What are collectibles and personal use assets
These items include (but are not limited to) artwork, jewellery, antiques, artefacts, coins or medallions, postage stamps or first day covers, rare folios, manuscripts or books, memorabilia, wine, cars, recreational boats, and memberships of sporting or social clubs, to name a few. To be blunt, they are assets that may well be kept primarily for personal use or enjoyment rather than their potential increase in value.
The new rules require that the trustee of any SMSF:
* must not lease the asset to a related party;
* must not store the item in the private residence of a related party;
* must document their decision in respect of the storage of the item in writing, and keep the document for at least 10 years; and
* must insure the item in the name of the SMSF within seven days of acquisition.
In addition:
* the trustee of an SMSF is in breach if a related party of the fund uses the item; and
* the transfer of the asset to a related party requires a qualified independent valuation
Common traps and how to manage them
Coins
Gold bullion bars are not classified as a collectible or personal use asset.

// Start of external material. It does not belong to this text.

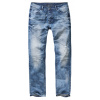 Brandit Will denim jeans, modré - 32 / 34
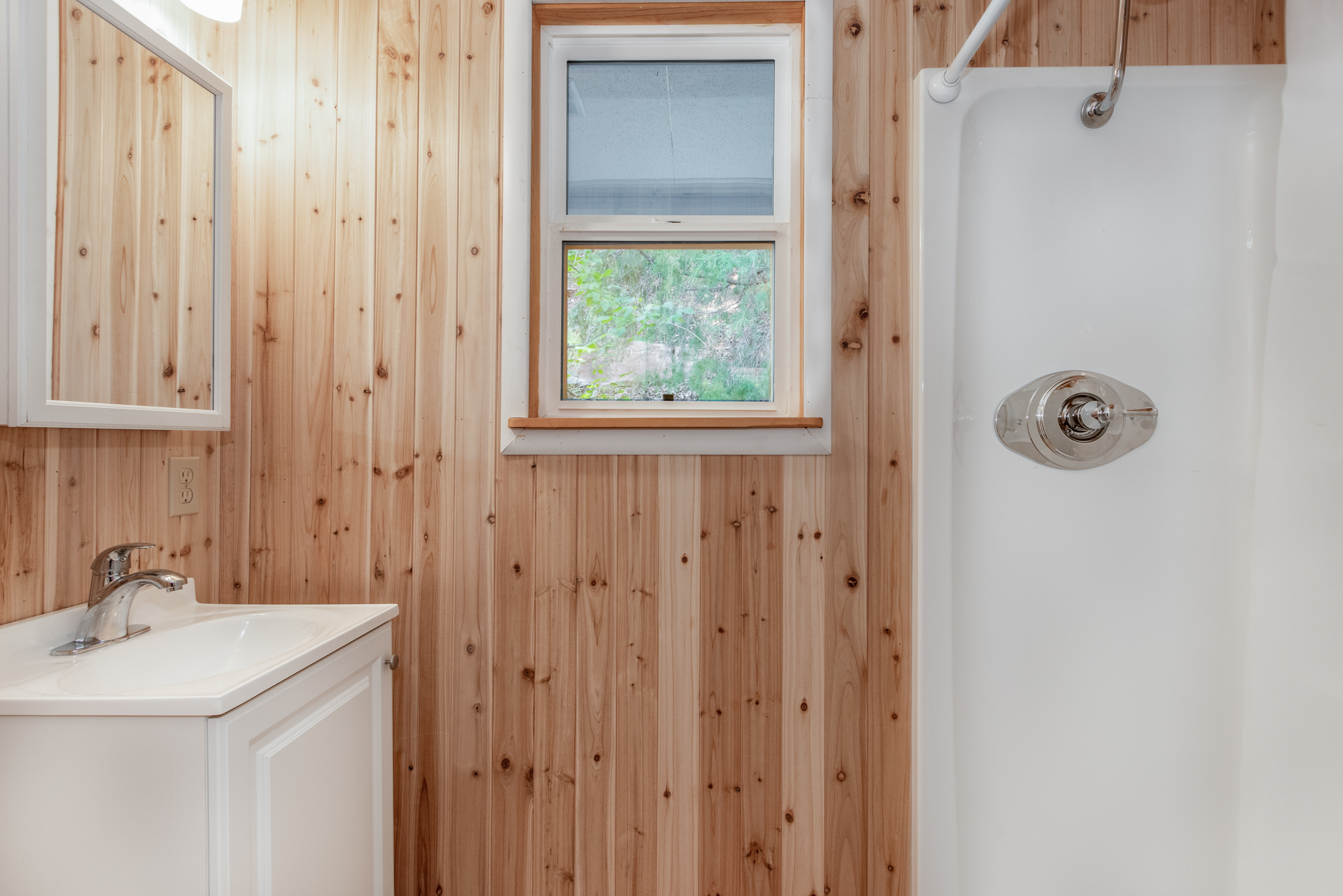 Cabin 25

However, bullion coins are if their value exceeds their face value, and if they are traded at a price above the spot price for their metal content. Coins can move dramatically up and down in value and, with the requirement to revalue assets every year, this could very well change the classification of coins from year to year, making it more difficult for trustees to manage and comply with the rules, especially the insurance and storage. The best policy
for coins or bullion would be to have them stored securely at all times in any case.
Motor Vehicles
Any motor vehicle purchased by trustees of an SMSF is a collectible. Therefore must not be driven by a member for any reason and must be driven only by an unrelated party. This may of course be the reason why in the last 15 years I have never seen a motor vehicle being owned in an SMSF.
Lease arrangement
Any trustee of an SMSF who gives custody of an SMSF collectible to an associate would in effect be entering into a lease arrangement with the associate and a lease arrangement must be entered into including considerations given to how legally watertight the arrangement is.
Insurance
All collectibles and personal use assets must be insured irrespective of their value. The insurance policy must be taken out in the name of the fund, and cannot be added onto an existing home and contents policy. This is possibly one of the more difficult aspects to manage considering finding a willing insurer at a reasonable cost.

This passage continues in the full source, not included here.